In its 2015 States of Fragility report, the Organization for Economic Co-operation and Development (OECD) decided to complicate its usual one-dimensional list of fragile states by assessing five dimensions of fragility: Violence, Justice, Institutions, Economic Foundations and Resilience…

Unfortunately, something went wrong during the calculations. In my attempts to replicate the assessment, I found that the OECD misclassified a large number of states.

That’s from a Monkey Cage post by Thomas Leo Scherer, published today. Here, per Scherer, is why those errors matter:

Recent research by Judith Kelley and Beth Simmons shows that international indicators are an influential policy tool. Indicators focus international attention on low performers to positive and negative effect. They cause governments in poorly ranked countries to take action to raise their scores when they realize they are being monitored or as domestic actors mobilize and demand change after learning how they rate versus other countries. Given their potential reach, indicators should be handled with care.

For individuals or organizations involved in scientific or public endeavors, the best way to mitigate that risk is transparency. We can and should argue about concepts, measures, and model choices, but given a particular set of those elements, we should all get essentially the same results. When one or more of those elements is hidden, we can’t fully understand what the reported results represent, and researchers who want to improve the design by critiquing and perhaps extending it are forced to box shadows. Also, individuals and organizations can double– and triple-check their own work, but errors are almost inevitable. When getting the best possible answers matters more than the risk of being seen making mistakes, then transparency is the way to go. This is why the Early Warning Project shares the data and code used to produce its statistical risk assessments in a public repository, and why Reinhart and Rogoff probably (hopefully?) wish they’d done something similar.

Of course, even though transparency improves the probability of catching errors and improving on our designs, it doesn’t automatically produce those goods. What’s more, we can know that we’re doing the right thing and still dread the public discovery of an error. Add to that risk the near-certainty of other researchers scoffing at your terrible code, and it’s easy see why even the best practices won’t keep you from breaking out in a cold sweat each time you hit “Send” or “Publish” on a new piece of work.

 

Reactions to Reflections on the Arab Uprisings

Yesterday, Marc Lynch posted a thoughtful and candid set of reflections on how political scientists who specialize in the Middle East performed as analysts and forecasters during the Arab uprisings, not before them, the subject on which most of the retrospectives have focused thus far. The background to the post is a set of memos Marc commissioned from the contributors to a volume he edited on the origins of the uprisings. As Marc summarizes, their self-criticism is tough:

We paid too much attention to the activists and not enough to the authoritarians; we understated the importance of identity politics; we assumed too quickly that successful popular uprisings would lead to a democratic transition; we under-estimated the key role of international and regional factors in domestic outcomes; we took for granted a second wave of uprisings, which thus far has yet to materialize; we understated the risk of state failure and over-stated the possibility of democratic consensus.

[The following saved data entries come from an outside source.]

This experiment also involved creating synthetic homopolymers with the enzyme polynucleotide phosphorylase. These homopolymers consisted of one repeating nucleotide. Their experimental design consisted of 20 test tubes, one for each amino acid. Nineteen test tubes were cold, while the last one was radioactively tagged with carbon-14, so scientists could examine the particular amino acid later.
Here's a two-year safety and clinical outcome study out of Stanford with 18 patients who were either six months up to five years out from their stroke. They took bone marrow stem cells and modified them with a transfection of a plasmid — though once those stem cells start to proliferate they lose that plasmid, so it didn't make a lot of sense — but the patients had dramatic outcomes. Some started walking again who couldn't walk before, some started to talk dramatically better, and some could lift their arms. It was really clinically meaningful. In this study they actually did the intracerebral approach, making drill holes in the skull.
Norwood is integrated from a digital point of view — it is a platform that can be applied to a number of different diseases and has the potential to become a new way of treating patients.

Social scientists and other professional analysts of world affairs should read the whole thing—if not for the specifics, then as an example of how to assess and try to learn from your own mistakes. Here, I’d like to focus on three points that jumped out at me as I read it.

The first is the power of motivated reasoning—”the unconscious tendency of individuals to process information in a manner that suits some end or goal extrinsic to the formation of accurate beliefs.” When we try to forecast politics in real time, we tend to conflate our feelings about specific events or trends with their likelihood. After noting that he and his colleagues over-predicted democratization, Marc observes:

One point that emerged in the workshop discussions is the extent to which we became too emotionally attached to particular actors or policies. Caught up in the rush of events, and often deeply identifying with our networks of friends and colleagues involved in these politics, we may have allowed hope or passion to cloud our better comparative judgment.

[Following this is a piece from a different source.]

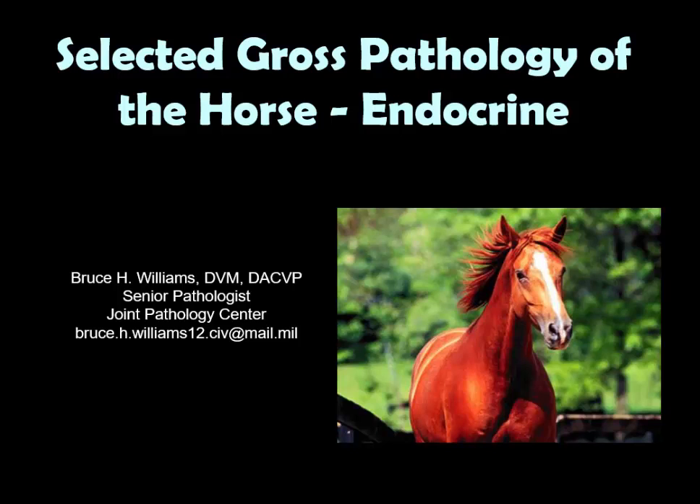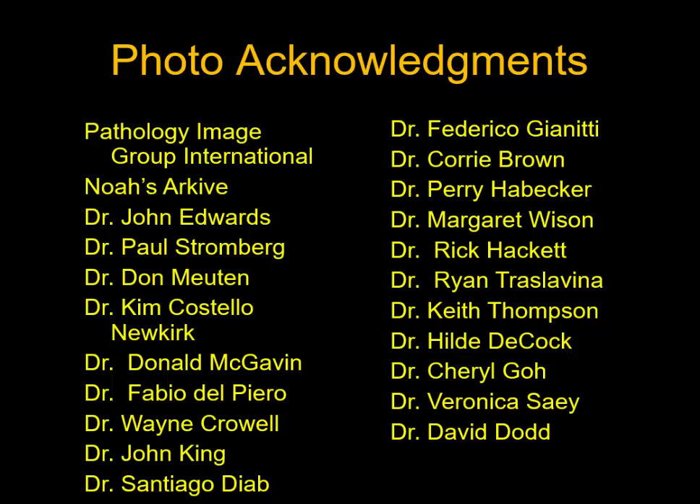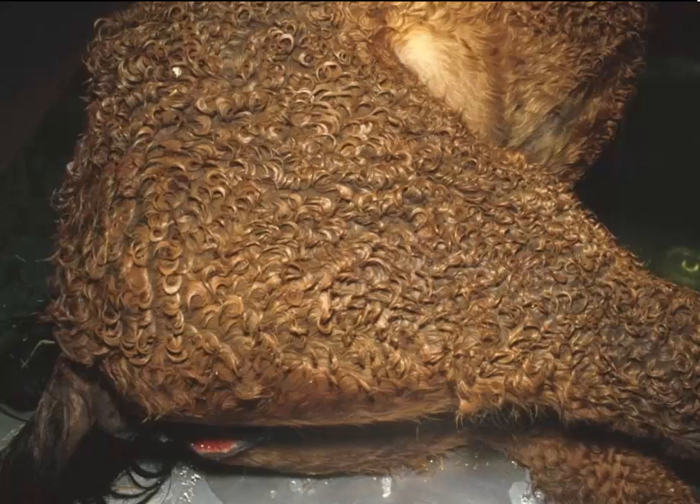Hello, it's Bruce Williams again, and today I want to present part three of my series on the selected gross pathology of the horse, in which we're going to talk about the endocrine system. As I do with all my lectures, I want to start out by thanking all of my great friends and colleagues who over the years have provided these fantastic images. When we talk about endocrine pathology in the horse, the most important entity is the pituitary tumor arising in the pars intermedia.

That pattern sounds a lot like the one I saw in my own thinking when I realized that my initial forecasts about the duration and outcome of the Syrian civil war had missed badly.

This tendency is probably ubiquitous, but it’s also one about which we can actually do something, even if we can’t eliminate it. Whenever we’re formulating an analysis or prediction, we can start by ask ourselves what result we hope to see and why, and we can think about how that desire might relate to the conclusions we’re reaching. We can try to imagine how someone with different motivations might view the same situation, or just seek out examples of those alternative views. Finally, we can weight or adjust our own analysis accordingly. Basically, we can try to replicate in our own analysis what “wisdom of crowds” systems do to great effect on a larger scale. This exercise can’t fully escape the cognitive traps to which it responds, but I think it can at least mitigate their influence.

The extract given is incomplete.